Standardized Schools

To illustrate, let’s look at a few persistent features of the US public school system, and indeed many private schools. Schools are age-graded: students are separated by grade level roughly coordinate with age. Students move from one grade level to the next by showing the school that they’ve mastered the work at x grade level enough to move to y.
This process is associated with another feature of schooling, the idea that students will be given a certain amount of time — the traditional school year — to progress enough to move from one level to the next. The pacing isn’t up to students; students who make quick progress must wait until the end of the year to go to the “next level,” and students who needed more time will, at the end of the year, fail and have to spend an entire additional year repeating their current grade level.
There are reasons why these two features have existed for so long in every public school system in the developed world, but those reasons usually have to do with organizational ease than about how kids learn best.
The larger a school is and the more students it has, the more it makes sense to put 20+ kids in a room with one teacher. Doing that, though, means that we need to make sure all of those students are at the same “level” so that the teacher can teach all of them the same things at the same time. Allowing everyone to go at their own pace makes that sort of structure difficult to impossible.
Or does it? I spend so long explaining why we have age grading because it seems so natural to most anyone who’s been through school, yet there are a number of private schools (and in fairness, some public schools) doing things differently.
Most notably, Montessori schools not only produce remarkably individualized learning (where students progress by doing projects tailored to their own interests and aptitudes), but allow students to progress at their own pace. And as far as schools grouping students largely by age, more and more research is coming out describing benefits of mixed-age grouping.
Here are some more features of the public school system that might not fit all students.
We divide curriculum in certain ways (for instance, we separate subject areas like math, science, and history).

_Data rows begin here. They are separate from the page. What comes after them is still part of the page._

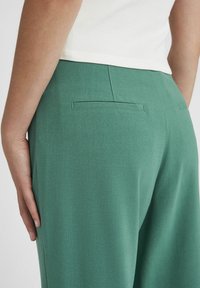 BZB TAILLEUR - Pantalon classique - vert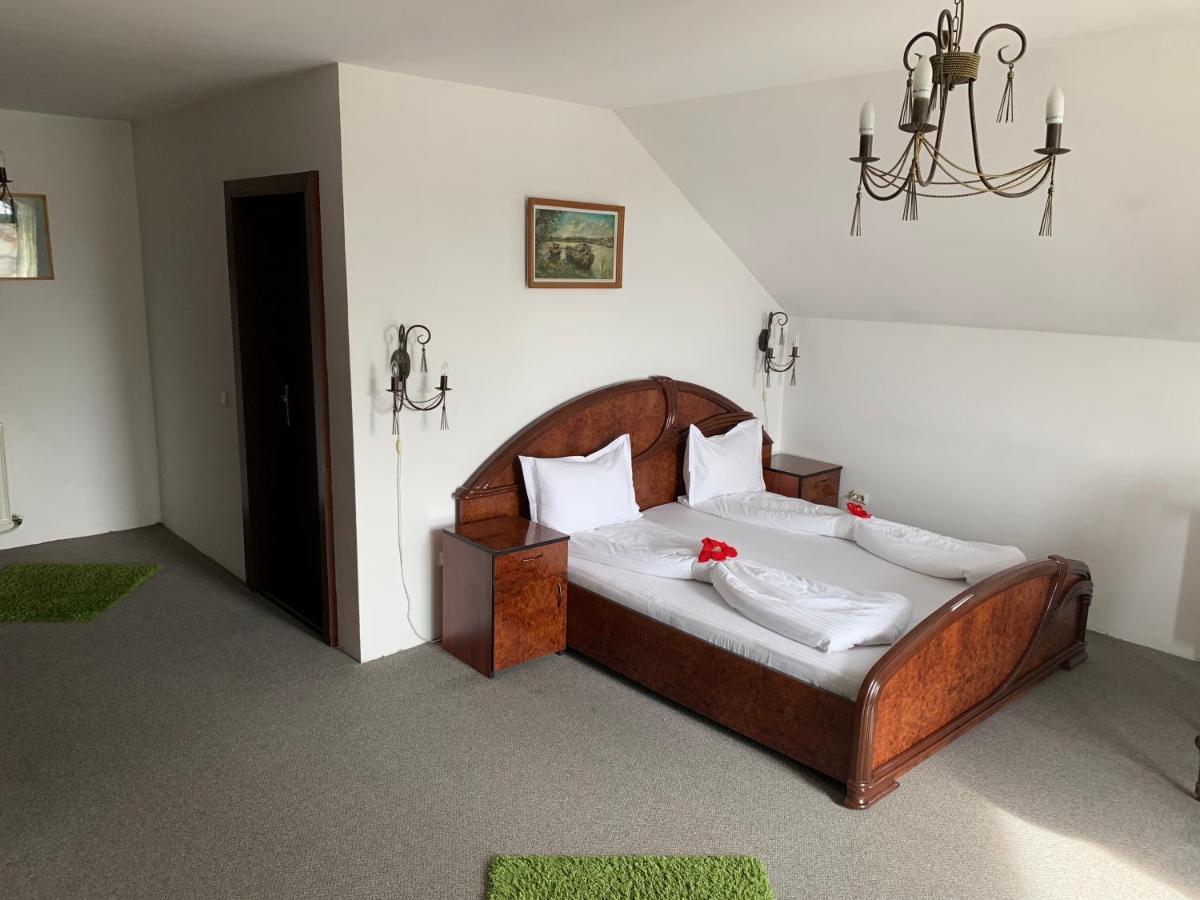 Pension La Noblesse Bucarest Extérieur photo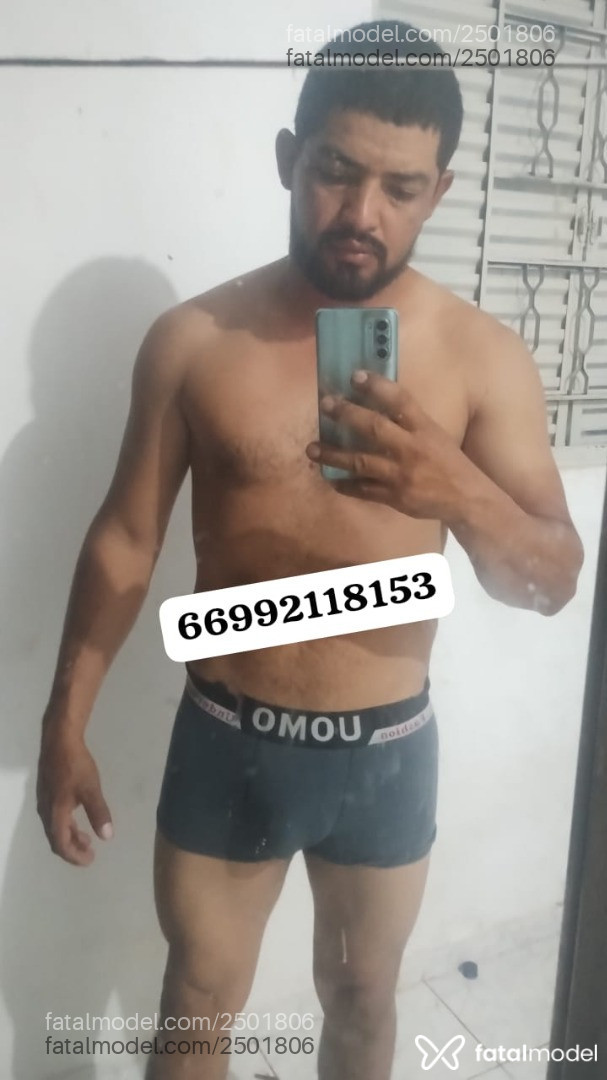 Acompanhante homem morena (o) de olhos pretos - Morenolp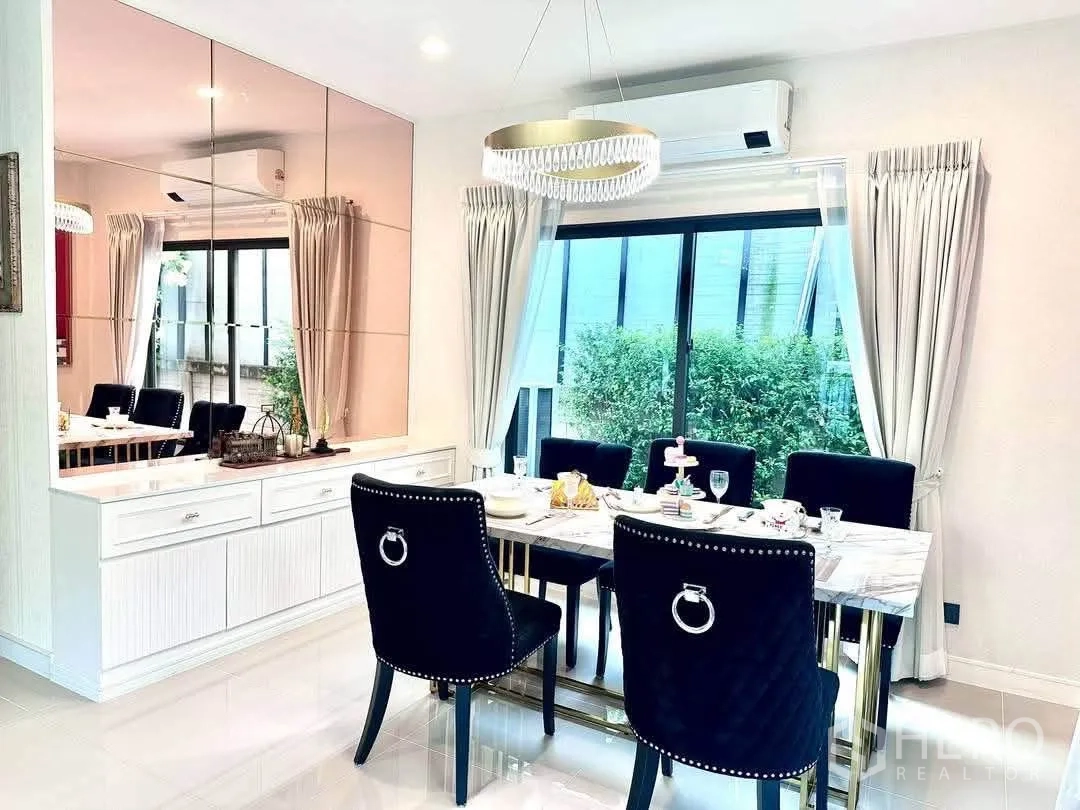 Detached House for rent in Bang Kapi, Bangkok - Elegant dining area with marble table, black chairs and a mirrored wall.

  • We have similar early-morning-to-mid-afternoon daily schedules.
  • We instruct and assess students largely in the same way (class lecture, individual activity, individual tests and quizzes).
  • We have very similar protocols on how to handle discipline.
  • We almost all use the same familiar A-F grading system.

When one provider attains a disproportionate share of the market (as our public school system has, virtually by law), the product tends to look largely the same. Unless there is reason to think that all students benefit from this one model, I’d suspect that many families would have a better chance of finding a type of school that best works with their needs in an environment of school choice.

Diversity in and beyond Public Schools

Can a public system provide this type of diversity? I suspect it could but to a very small degree (offering some modicum of, say, public school choice by open enrollment). But public school systems are quite centralized, where directives come from the top (the State Department of Ed, or the school district) down to individual schools.
With something like a voucher system or educational savings accounts, while the state might regulate certain things, schools could be individually free to experiment with different designs to see what best attracted and retained customers.
Questions about whether public schools do better or worse than private schools as measured by things like standardized test results and graduation rates are important. But if we value diversity (of students and ways to offer educational services), I urge that we not overlook the important arguments about the important role school choice could play in accommodating that diversity.